● Exercise instructions:
For this exercise, transcribe every line of the material exactly and skip the pictures.

··· Data provided

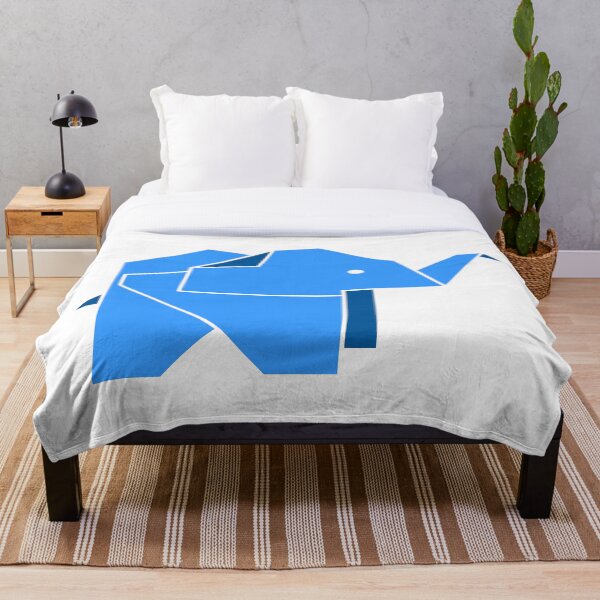 Item preview, Origami Blue Elephant Graphic - Minimalist Animal Art designed and sold by LipsLab.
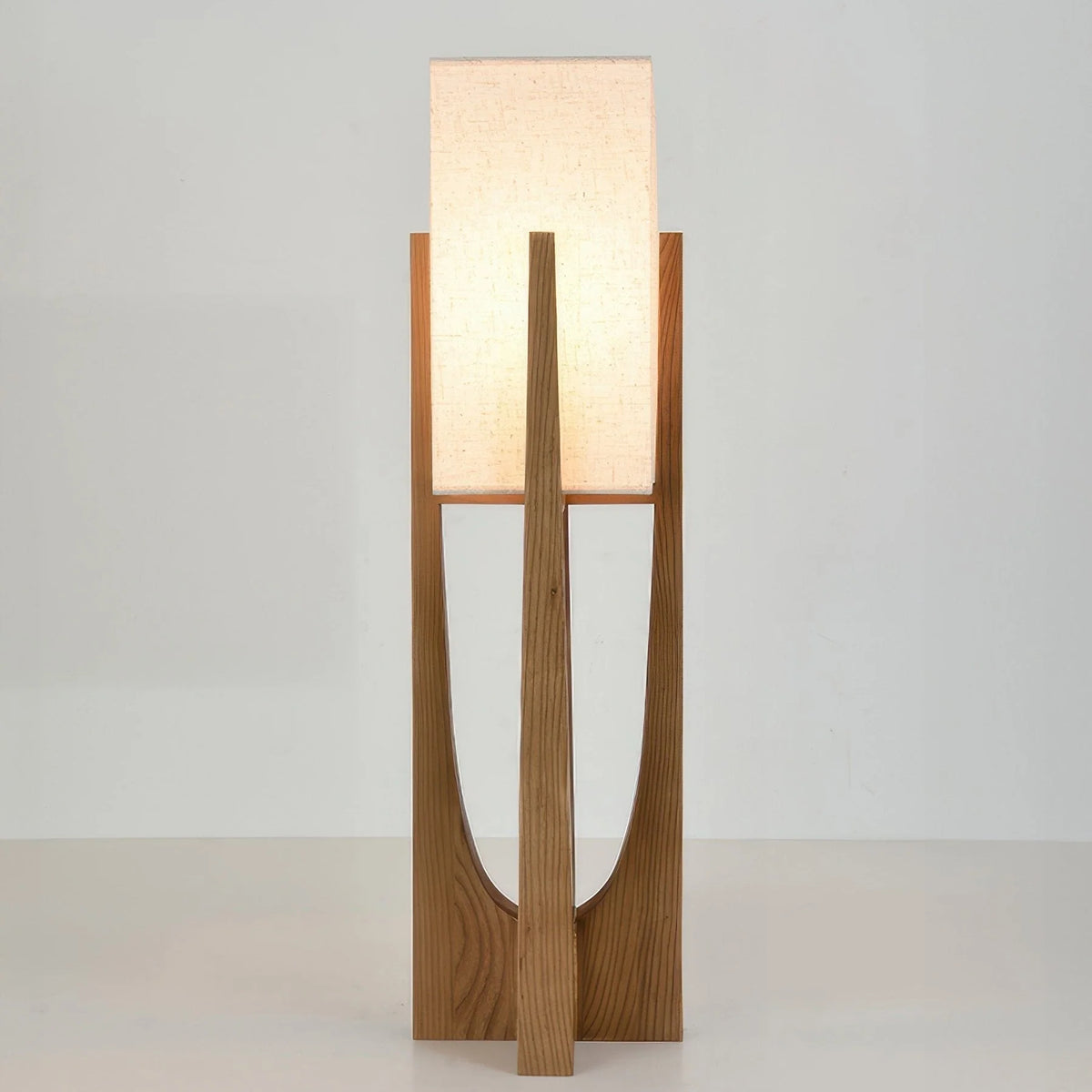 Floor Lamp | Walnut Base & Three-Color LED | Small & Large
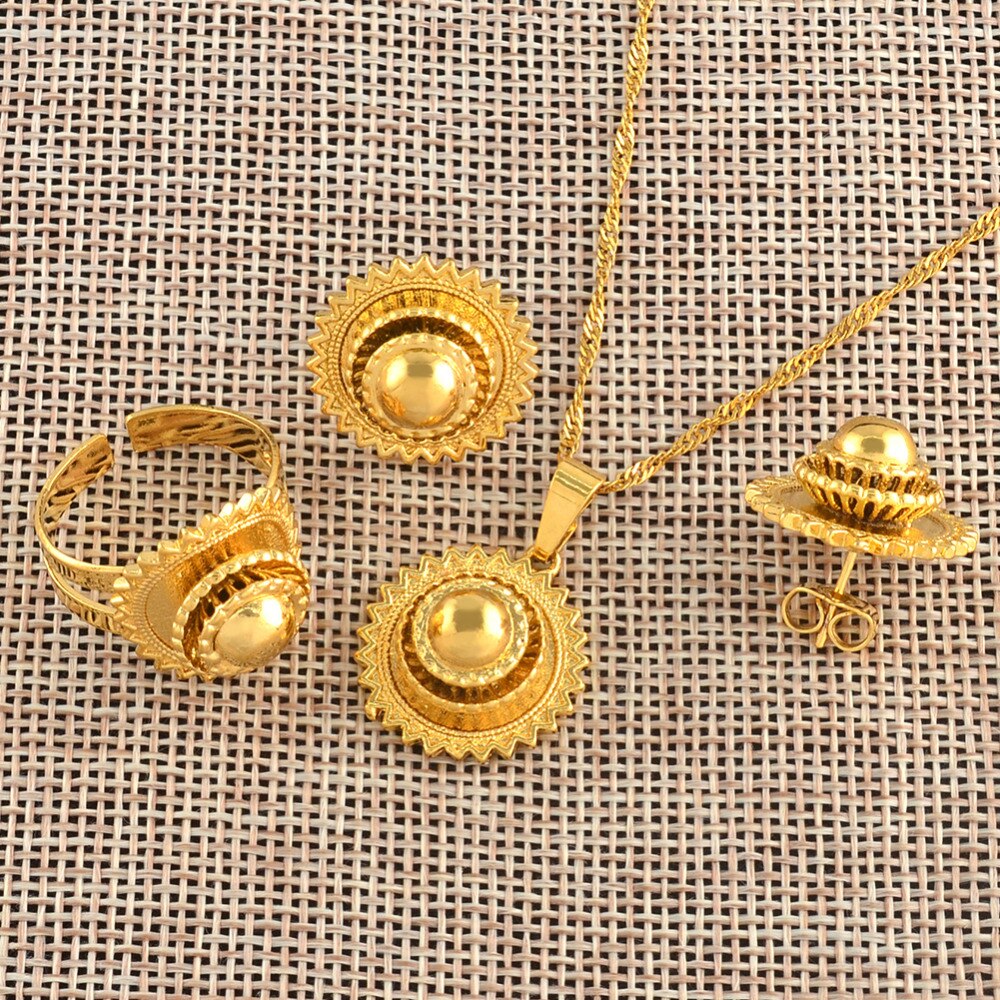 Gold Color small Jewellery Set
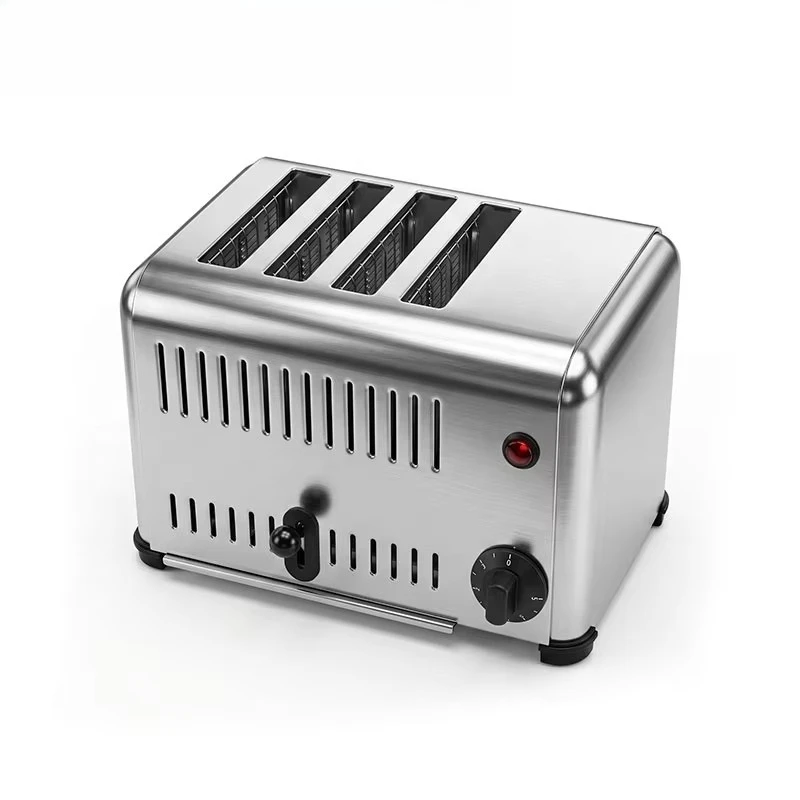 Commercial bread toaster 4-piece stainless steel electric pop-up toaster Professional restaurant sandwich maker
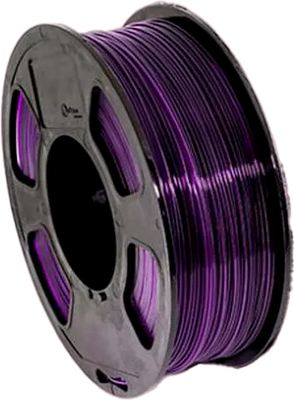Пластик для 3D-печати Mitek PETG (1.75мм, 1кг, фиолетовый прозрачный)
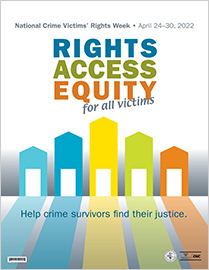 2022 National Crime Victims' Rights Week Theme Poster (22x28)
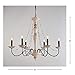 Saint Mossi 6-Lights Farmhouse Chandelier in French Country Chandelier Style,Farmhouse Pendant Light Fixtures Rustic Chandelier for Bedroom,Dining Room,Living Room,H34 x D35,Chain Adjustable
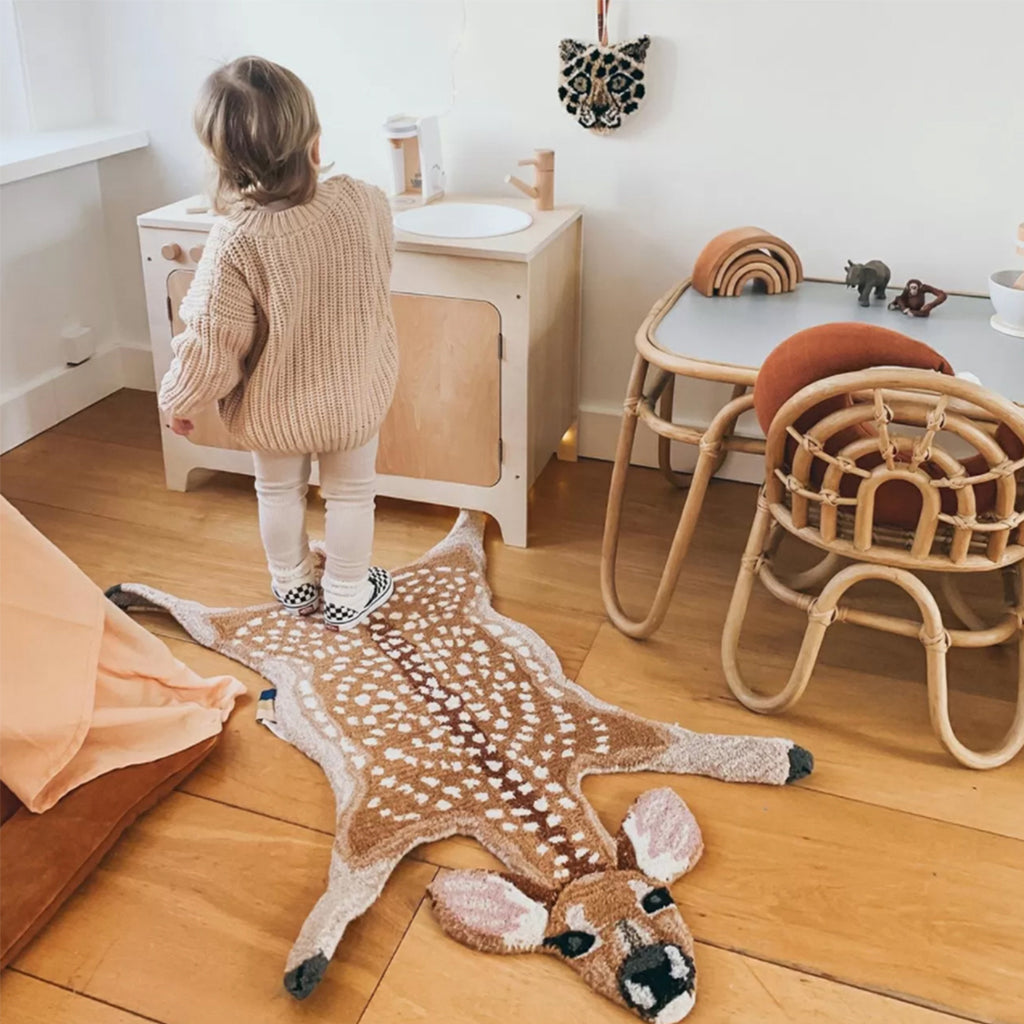 Doing Goods Francis Fawn Rug Small Deko Teppich bei Yay Kids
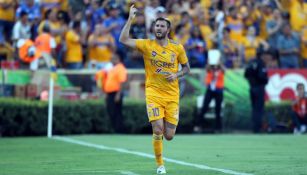 Gignac, en un partido de Tigres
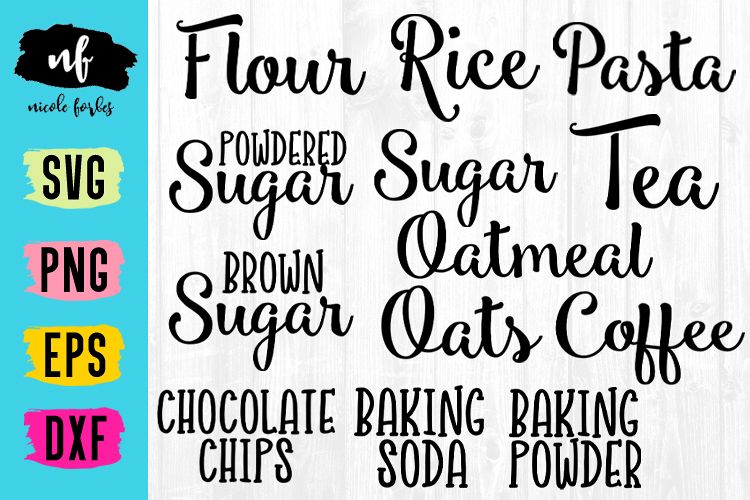 Download Kitchen Label SVG (60101) | SVGs | Design Bundles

······

● Problem solution:
 Item preview, Origami Blue Elephant Graphic - Minimalist Animal Art designed and sold by LipsLab.
 Floor Lamp | Walnut Base & Three-Color LED | Small & Large
 Gold Color small Jewellery Set
 Commercial bread toaster 4-piece stainless steel electric pop-up toaster Professional restaurant sandwich maker
Пластик для 3D-печати Mitek PETG (1.75мм, 1кг, фиолетовый прозрачный)
 2022 National Crime Victims' Rights Week Theme Poster (22x28)
 Saint Mossi 6-Lights Farmhouse Chandelier in French Country Chandelier Style,Farmhouse Pendant Light Fixtures Rustic Chandelier for Bedroom,Dining Room,Living Room,H34 x D35,Chain Adjustable
 Doing Goods Francis Fawn Rug Small Deko Teppich bei Yay Kids
 Gignac, en un partido de Tigres
 Download Kitchen Label SVG (60101) | SVGs | Design Bundles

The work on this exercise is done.